David O'Reilly is an Inquirer staff writer

A curious thing happened to Marc Mollard on his way to veterinary school.

He decided to join the Orthodox Church.

Then he entered an Orthodox monastery, where his spirituality earned him the admiration of church leaders.

Now he is the newly ordained Bishop Tikhon, head of the Diocese of Philadelphia and Eastern Pennsylvania of the Orthodox Church in America.

Nothing in his appearance suggests the middle-class Franklin and Marshall College undergraduate he once was. His graying beard flows to mid-chest. His floor-length robes are solemn and black. He carries a staff and wears a draped kamelaukion - a tall, brimless cap - as a sign that he is celibate.

Yet he is just 39 - young enough to remember what it was like to be young and searching. And he hopes his journey into Orthodoxy might encourage other Americans to follow.

"People today are looking for something real - for deeper reality and the meaning of life," he said during a recent visit to St. Stephen pro-Cathedral in the Northeast. "I was looking as well, and I think I was led providentially to Orthodoxy."

Two decades earlier, however, such notions as divine providence were not even on his radar screen. As an undergraduate he had "drifted away" from the Episcopalianism of his Reading boyhood. "I saw religion as unintellectual," he admitted with a shrug.

But as his education progressed, he "began to meet very intelligent people who were religious." This, he said, "brought me out of that false idea many young people have" about religion.

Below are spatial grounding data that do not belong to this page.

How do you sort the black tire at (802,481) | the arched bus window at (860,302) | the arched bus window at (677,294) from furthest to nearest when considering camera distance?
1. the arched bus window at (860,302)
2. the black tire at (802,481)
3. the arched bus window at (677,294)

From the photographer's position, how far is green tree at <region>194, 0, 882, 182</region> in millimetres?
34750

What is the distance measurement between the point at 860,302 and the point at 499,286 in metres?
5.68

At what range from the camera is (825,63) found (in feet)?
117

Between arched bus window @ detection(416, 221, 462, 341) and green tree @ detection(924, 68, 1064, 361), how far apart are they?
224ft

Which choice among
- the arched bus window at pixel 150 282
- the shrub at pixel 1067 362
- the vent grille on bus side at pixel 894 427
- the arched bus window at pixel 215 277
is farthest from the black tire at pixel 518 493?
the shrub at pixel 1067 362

By the time he graduated from Franklin and Marshall in 1988, he had abandoned his pursuit of veterinary medicine - "I discovered I was not a scientist" - and found himself "searching for the fullness of life."

He might have returned to the Episcopal Church USA; his mother, Elizabeth, a longtime reporter for the Reading Eagle, was also an ordained Episcopal priest. (His father, Francois, was an indifferent Roman Catholic.) But Mollard wanted something old, rich and rigorous - what he now calls "the true faith."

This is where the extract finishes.